A number of computational issues distinguish climate science from other scientific disciplines that make heavy use of simulations, Worley said. First, if researchers want to change their problem size, they must rework the simulations' new physical processes in correspondingly increased or decreased resolution. Second, many researchers focus only on particular areas of the Earth during their simulations, meaning they need only a particular part of the CESM framework running in high resolution. Finally, climate simulations run at varying time scales, sometimes spanning several thousand years. The required time to solution and available computing resources can force researchers to choose between high spatial resolution in their models or an extended observation period.

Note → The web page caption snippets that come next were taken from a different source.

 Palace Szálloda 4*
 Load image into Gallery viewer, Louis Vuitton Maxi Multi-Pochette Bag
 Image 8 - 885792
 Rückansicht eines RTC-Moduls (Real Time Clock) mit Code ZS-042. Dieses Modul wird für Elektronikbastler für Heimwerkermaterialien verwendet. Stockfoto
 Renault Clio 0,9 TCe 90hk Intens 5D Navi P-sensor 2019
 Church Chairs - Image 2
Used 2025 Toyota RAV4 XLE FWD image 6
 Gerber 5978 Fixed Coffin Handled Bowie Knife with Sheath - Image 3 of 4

According to Evans, computer scientists like Worley help the climate scientists deal with that complexity in the coupled model. "Pat does bridge across many components. He can look at an ice code, which solves very different equations and is structured in a very different way than an atmospheric model, and be able to help us run both systems not only individually at their maximum ability but coupled together," she said. "There are few in the climate community that have an understanding of how all of it works."
A hybrid horizon
With software improvements and increasingly more powerful supercomputers, resolution and realism in climate simulations have reached new heights, but there is still work to be done. "What we can't do yet in the current model is get down to regional spatial scales so we can tell people what specific impacts are going to happen locally," said Jones, "The current IPCC simulations are at coarse enough resolution that we can only give people general trends."
Climate research concluded last year makes up the final pieces of information that will go into the next IPCC Assessment Report, due for release in 2013. Meanwhile, climate researchers are preparing for the future. "The climate research community doesn't have a single climate center where they run all of their climate simulations—they run wherever there is supercomputing time available—so it's important for the codes to run on as many different platforms as possible," Worley said. Currently, US climate codes are running on National Oceanic and Atmospheric Administration, NASA, DOE, and NSF supercomputing resources.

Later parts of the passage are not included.